» TASK BRIEF: Begin at the line that has "DMARC Manager Domain", stop after the line that has "ヴァンガード 知恵の泉 エバ デッキ", and print exactly those lines from the records below, without any pictures.

» DATA PROVIDED:

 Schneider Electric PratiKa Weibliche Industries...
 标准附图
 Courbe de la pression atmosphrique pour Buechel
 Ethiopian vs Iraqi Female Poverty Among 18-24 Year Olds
==
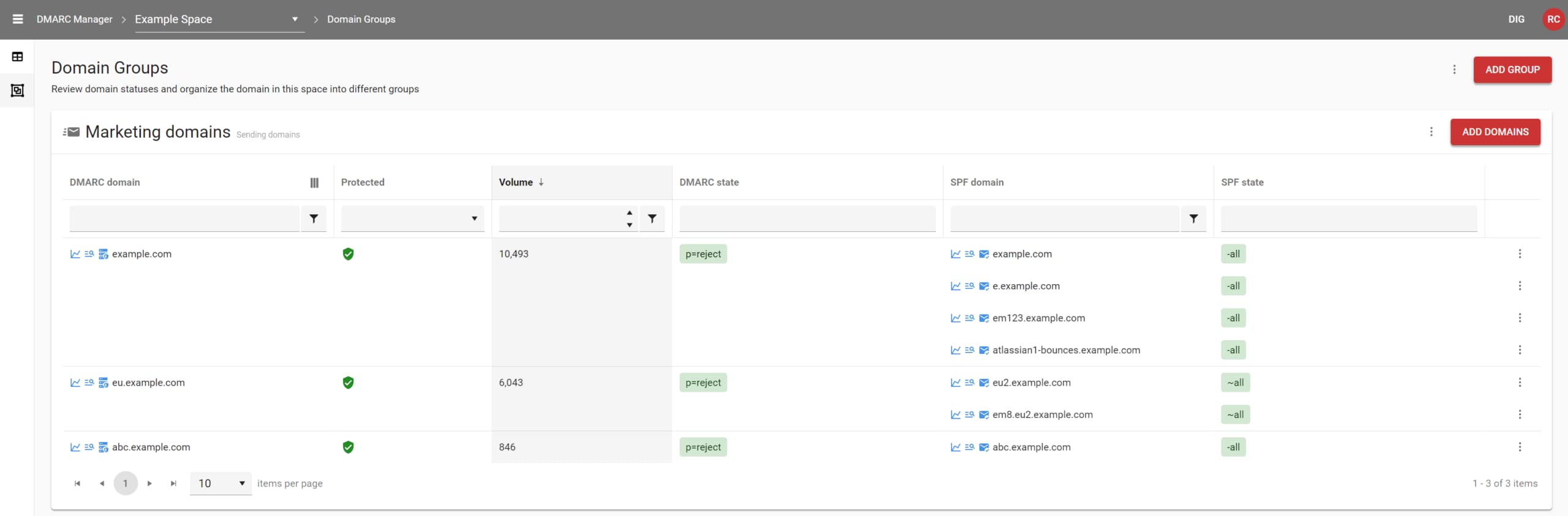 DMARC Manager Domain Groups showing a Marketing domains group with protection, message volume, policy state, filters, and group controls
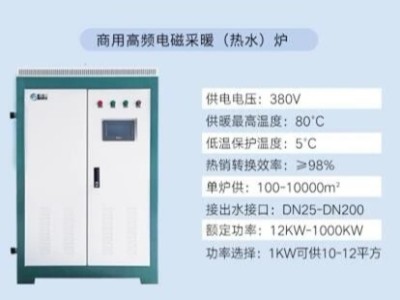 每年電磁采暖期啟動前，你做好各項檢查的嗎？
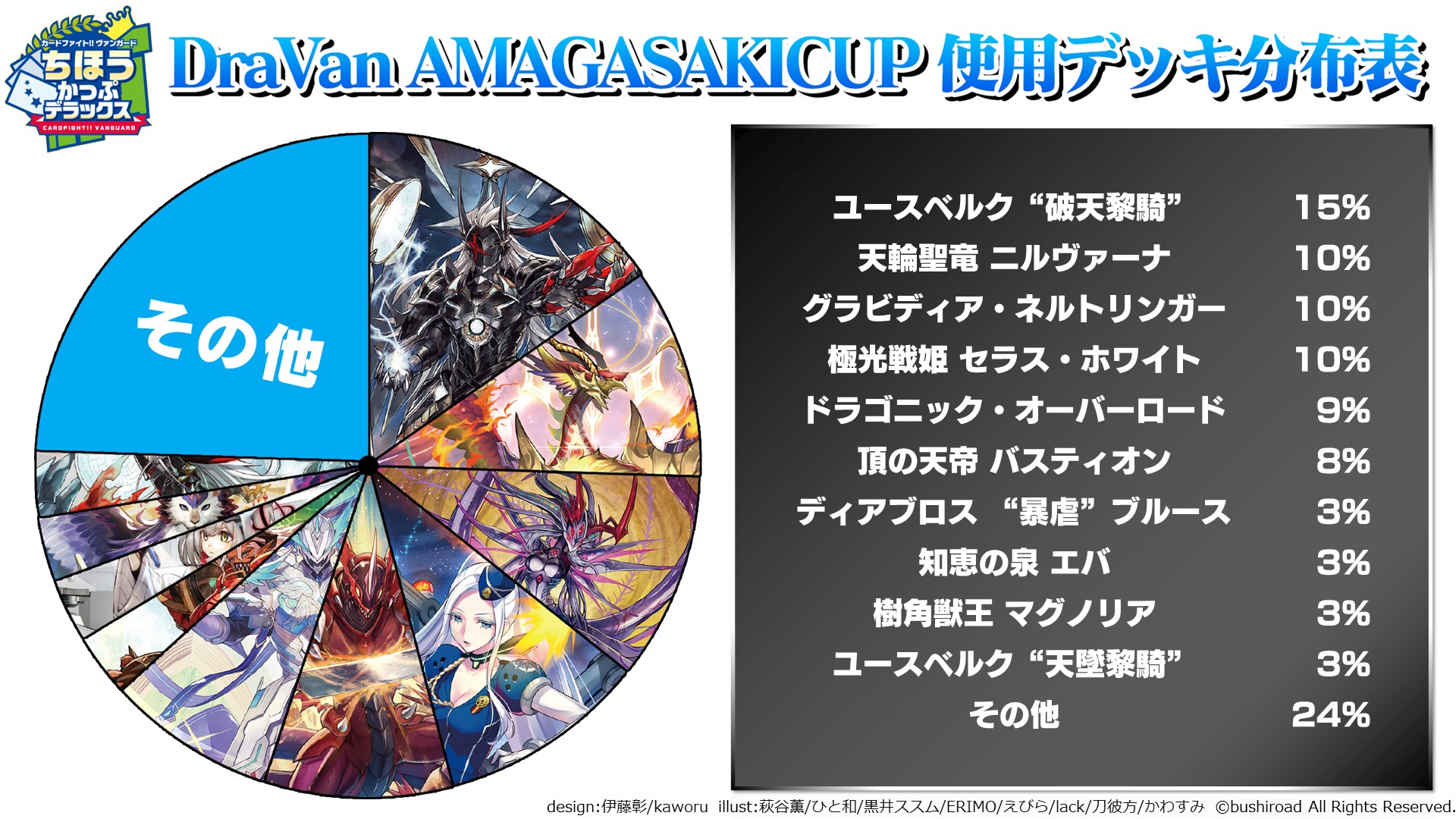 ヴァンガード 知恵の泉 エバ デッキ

» RESULT OF THE TASK:
 DMARC Manager Domain Groups showing a Marketing domains group with protection, message volume, policy state, filters, and group controls
 每年電磁采暖期啟動前，你做好各項檢查的嗎？
 ヴァンガード 知恵の泉 エバ デッキ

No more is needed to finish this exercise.